Per farlo, Martello sceglie un espediente narrativo che è anche una dichiarazione di metodo: La grande fuga, film-cult “anagraficamente” trasversale, pensato per parlare a Baby boomers, generazione X e Millennials. La struttura è lineare: ogni capitolo ricostruisce un segmento dell’evasione e nel mezzo qualche traccia fantasma da scoprire, talvolta sotto forma – quella a pag 57, ad esempio – di gancio per nuove esplorazioni.

Per chi non ricordasse la trama – tratta da una storia vera, del resto il libro parla di comunicazione, mica di fiction –, siamo al marzo 1944, nel campo di concentramento Stalag Luft III: il maggiore Roger Bushell coordina gli ultimi preparativi per un’evasione di massa da 200 uomini, pianificata da mesi, con documenti falsi, bussole, mappe e “storie di copertura” cucite addosso a ciascuno. Ma, tra ritardi e imprevisti, la fuga viene chiusa a 87; i tedeschi scoprono l’evasione, scatta la caccia all’uomo e la rappresaglia è spietata. A prima vista, una morale costruttiva non si vede: alla fine quasi tutti muoiono. E invece.

La prima lezione – forse la più controcorrente, in tempi di comunicazione “performativa” – è di temperamento. La personalità ideale di una comunicazione responsabile, scrive Martello, è «lenta, meditativa, poco incline all’azione machista». Non è lavoro per eroi solitari. La fuga di Bushell – come un progetto di comunicazione – non sta in piedi per carisma, ma per architettura organizzativa, scambio continuo, capacità di delega e cura delle competenze, soprattutto relazione con le “risorse interne” fatta di ascolto attivo.

Seconda lezione: la comunicazione neutrale non esiste. Nella comunicazione e soprattutto nel giornalismo la neutralità – intesa come volontaria estraneità dalle posizioni del dibattito – può essere una scelta legittima e persino comoda nel breve periodo. Ma non può reggere se l’obiettivo è “sedimentare un patrimonio valoriale”, come è il caso lampante del giornalismo ecologista, per natura militante. Attenzione: non con «interventismo… disordinato e sguaiato», bensì con una posizione che nasce da «analisi serrata e consapevole», argomentata pubblicamente e «legittimata da dati e informazioni». È un passaggio decisivo anche per chi scrive: la trasparenza verso i lettori non è fingere assenza di punto di vista, ma esplicitarlo e renderlo verificabile. E saper governare intese e antagonismi senza sacrificare autorevolezza.
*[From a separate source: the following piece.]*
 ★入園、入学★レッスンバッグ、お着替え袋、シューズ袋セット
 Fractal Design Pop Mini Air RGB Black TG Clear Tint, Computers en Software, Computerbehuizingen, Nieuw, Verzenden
Terza lezione: guardare oltre la contingenza. Qualcuno ha letto La grande fuga come un inno all’arroganza di Bushell: troppo vicina alla fine della guerra, troppo costosa, solo tre avieri arrivati davvero in salvo. Ma Martello insiste: se si allarga l’inquadratura agli obiettivi di guerra, l’azione è «utile, ben pianificata ed estremamente efficace», perché costringe la macchina nazista a spostare risorse, tempo, uomini, «milioni di ore di lavoro».

È qui che il libro offre anche una lente d’osservazione per il presente della lotta alla crisi climatica. A dieci anni esatti dall’Accordo di Parigi, le emissioni di CO₂ hanno toccato nuovi record, e il mondo oggi non è sulla traiettoria giusta per contenere l’aumento di temperatura rispetto all’epoca pre-industriale “ben al di sotto dei 2°C”. Ma gli sforzi non sono stati vani, affatto. Le temperature a fine secolo sono oggi proiettate verso +2,8-3,1°C, ma questo significa che, almeno, stiamo riuscendo a evitare gli scenari catastrofici ancora in campo fino a pochi anni fa, che vedevano proiezioni di temperatura fino a +5,7°C a fine secolo negli scenari a emissioni molto alte. Possiamo permetterci di gettare la spugna? Per rispondere con le parole del Segretario generale delle Nazioni Unite, António Guterres, dopo la fallimentare Cop sul clima conclusasi da poche settimane a Belém: «La Cop30 è finita, il nostro lavoro no. A chi ha marciato e negoziato: non arrendetevi». Bushell sarebbe d’accordo, ghignando beffardo.